Le Corpus Maninka de Référence est une collection de textes annotés en langue maninka de Guinée écrits originellement en deux variantes de l’orthographe latine : l’ancienne qui date de la période de la Première République (1958-1984), et la nouvelle, introduite en 1988. Ces textes (surtout publiés en ancienne orthographe) se caractérisent par une instabilité de l’orthographe et, souvent, des nombreuses fautes (dans les textes inclus dans le Corpus les deux écritures sont données : originale, avec toutes les fautes, et corrigée) ; les tons ne sont jamais notés. De nos jours, l’utilisation de l’orthographe latine en Guinée est limitée, la prépondérance étant donnée au N’ko.
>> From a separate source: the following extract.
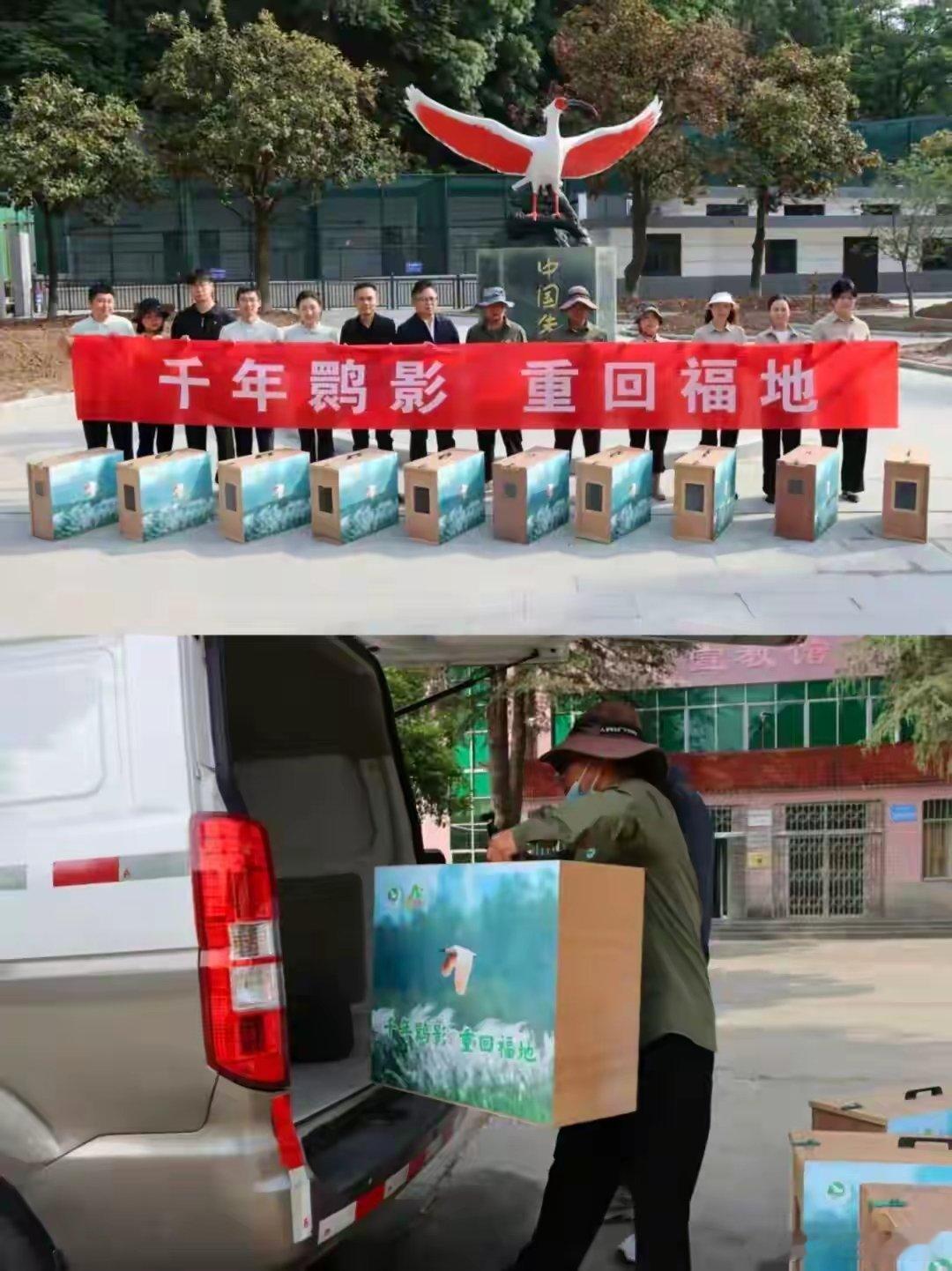 5月12日上午，经过24小时的长途运输，10只来自陕西汉中市洋县的朱鹮顺利抵达福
Le Corpus comporte des textes appartenant à des genres différents : journaux, belles-lettres, littérature d’alphabétisation et de vulgarisation, ouvrages religieux, etc.

Au moment de l'ouverture du Corpus Maninka en avril 2016, son volume est de
396 389 mots. Dans cette première version du Corpus, la grande majorité des textes apparaissent sans données métatextuelles ; les numéros des publications périodiques sont parfois enregistrés en un seul fichier, sans division en articles ; il n’y a pas encore de textes désambiguïsés ; l’annotation automatique est basée sur le dictionnaire électronique Malidaba qui est encore très loin de complétude. Un travail ultérieur est prévu pour corriger ces défauts.

 

Corpus N'ko

Le Corpus N'ko de Référence est une collection de textes annotés en écriture N'ko en maninka de Guinée qui s'utilise largement en Guinée et dans les autres pays de l'aire mandingue et dans le diaspora mandingue. En fait, il s'agit d'une langue écrite prétendante à s'établir comme telle pour toute la zone linguistique du mandingue de l'est. Tous les textes en N'ko sont tonalisés.

Le Corpus comporte des textes appartenant à des genres différents : périodiques, belles-lettres, littérature d’alphabétisation et de vulgarisation, ouvrages religieux, etc.

Au moment de l'ouverture du Corpus N'ko en avril 2016, son volume est de
3 105 879 mots. Dans cette première version du Corpus, la grande majorité des textes apparaissent sans données métatextuelles ; les numéros des publications périodiques sont parfois enregistrés en un seul fichier, sans division en articles ; il n’y a pas encore de textes désambiguïsés ; l’annotation automatique est basée sur le dictionnaire électronique Malidaba qui est encore très loin de complétude. Un travail ultérieur est prévu pour corriger ces défauts.